Trois jours pour le handisport féminin
Cette initiative privée, créée en 2022, est une idée originale des personnes de poigne et avec la collaboration de Yves Wansi, Achille Gwem et Veerle Jensen Jacquemin. Elle est également soutenue par S.E Pauline – Irene Ngene, Ministre des affaires sociales, l’Ambassade d’Afrique du Sud au Cameroun, Unesco, l’AMT. June Langa et Karen Coustère parrainent cette troisième édition. Elle concerne les sports féminins pour les personnes en situation de handicap.
Pendant trois jours, les femmes en situation de handicap, vont démontrer leur prouesse en sports les plus variés. L’évènement a fixé trois objectifs :
- D’abord, c’est une période de divertissement. Les femmes viendront partager des moments de joie et de réjouissance à se retrouver ensemble autour des activités sportives. Ce n’est pas souvent le cas au cours des rencontres habituelles et régulières dans le cadre des activités associatives. Les rencontres sportives ne sont pas des activités quotidiennes comme chez les personnes valides qui sont habituées à taper sur le ballon presque chaque semaine, si ce n’est tous les jours.
- Ensuite, il faut vulgariser le handisport. Les difficultés liées aux infrastructures sont généralement les motifs du sous-développement dans ce domaine. Il faut donc un investissement conséquent pour accroître la motivation et susciter les passions. La pratique quotidienne du handisport est une question de politique de gestion de sports avant l’intérêt des initiatives privées. Diversity Days est donc l’occasion de susciter cet intérêt
- Enfin, le projet est une mise en vitrine d’un domaine de sport que les partenaires ne visent pas beaucoup. Les raisons peuvent être liées au fait que les pouvoirs publics qui tardent à y donner un coup de fouet. Le secteur privé ne pourra être vraiment motivé que par les injonctions des pouvoirs publics. Le niveau approximatif du développement du handisport montre malheureusement que ce n’est pas encore le cas.

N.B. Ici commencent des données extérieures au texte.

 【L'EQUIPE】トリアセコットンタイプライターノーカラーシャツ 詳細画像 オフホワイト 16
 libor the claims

Le programme Diversity Days
Pendant ces trois jours d’activités handisport réservées aux femmes et filles en situation de handicap, l’accent ne sera pas mius exclusivement sur la pratique du sport. Le 27 mars, des experts animeront une conférence-débat dans les locaux de l’UNESCO à Yaoundé. Les intervenants évoqueront le rôle du sport dans l’inclusion, l’éducation, l’émancipation et l’intégration sociale.

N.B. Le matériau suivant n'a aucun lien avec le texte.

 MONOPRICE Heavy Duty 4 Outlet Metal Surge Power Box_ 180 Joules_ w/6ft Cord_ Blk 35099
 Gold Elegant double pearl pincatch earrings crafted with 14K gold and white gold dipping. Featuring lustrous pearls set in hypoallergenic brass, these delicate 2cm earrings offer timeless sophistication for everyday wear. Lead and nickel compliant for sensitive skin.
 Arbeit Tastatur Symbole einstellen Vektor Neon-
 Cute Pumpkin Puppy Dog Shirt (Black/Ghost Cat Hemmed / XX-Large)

Lors des deux jours suivants, sept disciplines handisports sont à l’ordre du jour : Cécifoot, Basket-fauteuil, Tennis-fauteuil, Goalball, Taekwondo, Mouv and speak et l’ascension du Mont Messa (1025 mètres).
En conclusion, le Diversity Days porte donc quatre enjeux : sensibilisation, autonomie, employabilité et lieux de sports. Le sport pour handicapés en général et pour les femmes et filles en particulier est un outil d’inclusion à quatre niveaux : la socialisation, l’autonomie, l’éducation et la vulgarisation.